Chitosan merupakan salah satu bahan pengawet ikan selain garam, karena itu
chitosan dapat diaplikasikan terhadap produk perikanan sebagai pengganti formalin
yang terbilang berbahaya. Pemanfaatan kulit udang menjadi edible coating
chitosan bukan saja memberikan nilai tambah pada usaha industri pengolahan,
akan tetapi juga dapat menanggulangi masalah pencemaran lingkungan yang
ditimbulkan.
Kendati tingginya akan permintaan ikan tidak berarti harus
mengeksploitasi sumber daya laut secara berlebihan, tetapi bagaimana dapat
memanfaatkan sumber daya tersebut secara berkelanjutan.

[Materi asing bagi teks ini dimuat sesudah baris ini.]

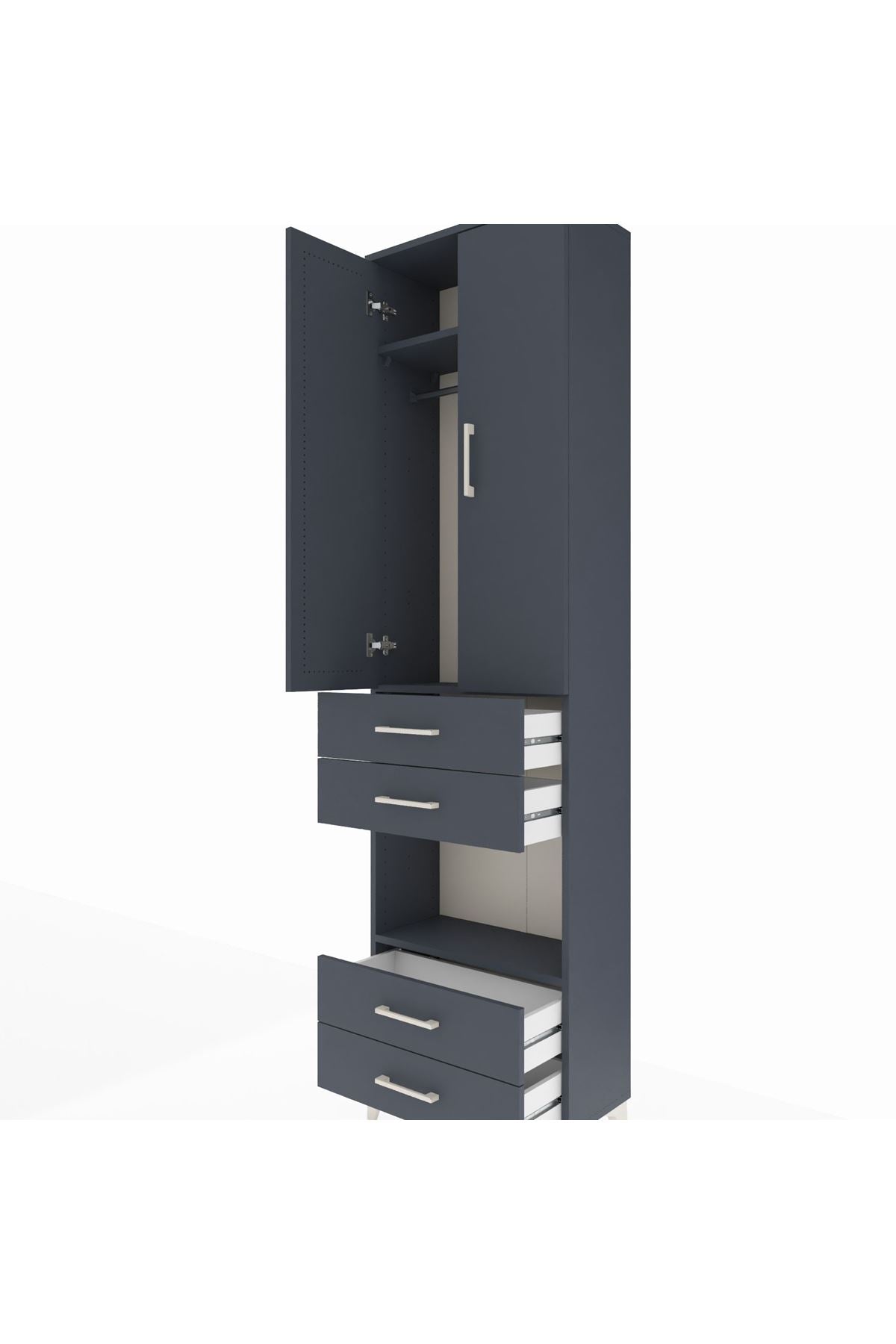 Arges Dolap 3 Raflı 4 Çekmeceli Tek Askılı 60x30x221 Antrasit-Antrasit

Untuk itu, perlu
memulai kemitraan dengan seluruh pemangku kepentingan untuk mengelola sumber
daya perikanan kita secara berkelanjutan. Karena itu, KKP berupaya untuk
mengimplementasikan teknologi ramah lingkungan, baik pada perikanan tangkap maupun
budidaya untuk mendukung industrialisasi perikanan. KKP tengah mengembangkan
teknologi ramah lingkungan seperti, teknologi alat tangkap ikan, instalansi
pendingin dengan menggunakan tekanan air laut sebagai penggerak, instalansi
produksi es balok dengan bahan baku air laut. Pada prinsipnya, Blue economy
akan bersinergi dengan pelaksanaan triple track strategy yakni, program
pro-poor (pengentasan kemiskinan), pro-growth (pertumbuhan), pro-job
(perekrutan tenaga kerja), dan pro-environment (pelestarian lingkungan).